Multiple Choice QA

6.3. Multiple Choice QA#

If vibe checks are a bit too subjective for your taste; LM Arena is to slow and expensive to run – there are more objective ways to evaluate language models too. One popular method is multiple-choice question answering (QA) evaluation.

The idea is simple: present the language model with a question and a set of multiple-choice answer options, and see if it can select the correct answer. This is typically done by having the model generate text completions for each answer option, and then selecting the option with the highest probability according to the model’s own scoring.

Multiple Choice QA

Multiple Choice QA is to provide a set of a question and choices to a LLM as a prompt and measure if the LLM would generate the correct answer.

So why is multiple-choice QA so popular for evaluation?

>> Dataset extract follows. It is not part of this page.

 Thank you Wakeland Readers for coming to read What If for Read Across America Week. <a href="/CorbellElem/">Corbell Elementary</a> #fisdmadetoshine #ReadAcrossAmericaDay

A few reasons:

  1. Simplicity: It’s straightforward to set up and run – just need a dataset of questions and answers.

  2. Scalability: Unlike vibe checks, you can evaluate on thousands or millions of QA examples without breaking the bank on human annotations.

  3. Objectivity: There’s a clear right or wrong answer, removing some of the subjectivity of human ratings.

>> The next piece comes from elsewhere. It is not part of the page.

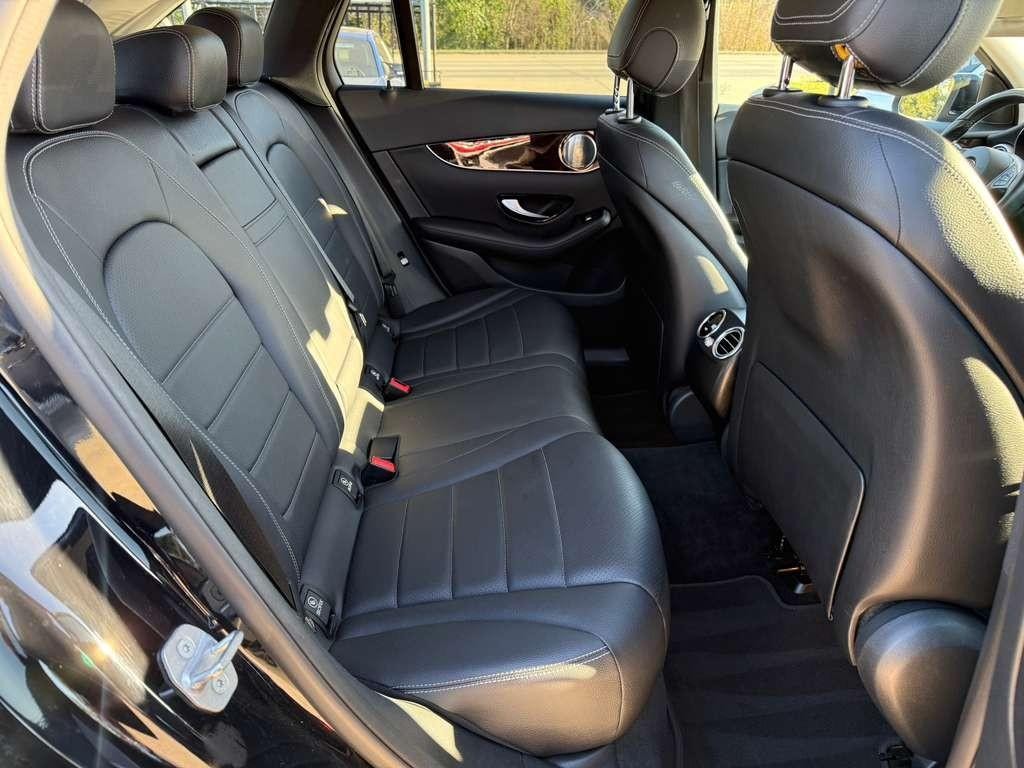 Mercedes-Benz GLC 300 Vehicle Full-screen Gallery Image 16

Of course, multiple-choice QA evaluation has its own limitations:

  1. Too simple?: Real-world language tasks often involve more open-ended generation, which QA doesn’t capture well.

  2. No interactiveness: It doesn’t evaluate the back-and-forth conversational abilities of language models.

  3. Potential for overfitting: Many QA datasets like MMLU are often included in the pretraining data, so models may be overfitted and scores inflated.

That last point is an important one – currently, many of the popular QA benchmarks used for evaluation are also included in the training data for large language models. This means that the QA scores you see reported may not be fully representative of the model’s true capabilities on unseen data.

So while multiple-choice QA is a useful tool in the evaluation toolbox, it’s just one piece of the puzzle. As with any evaluation method, it’s important to understand its strengths, weaknesses, and potential biases before drawing any major conclusions.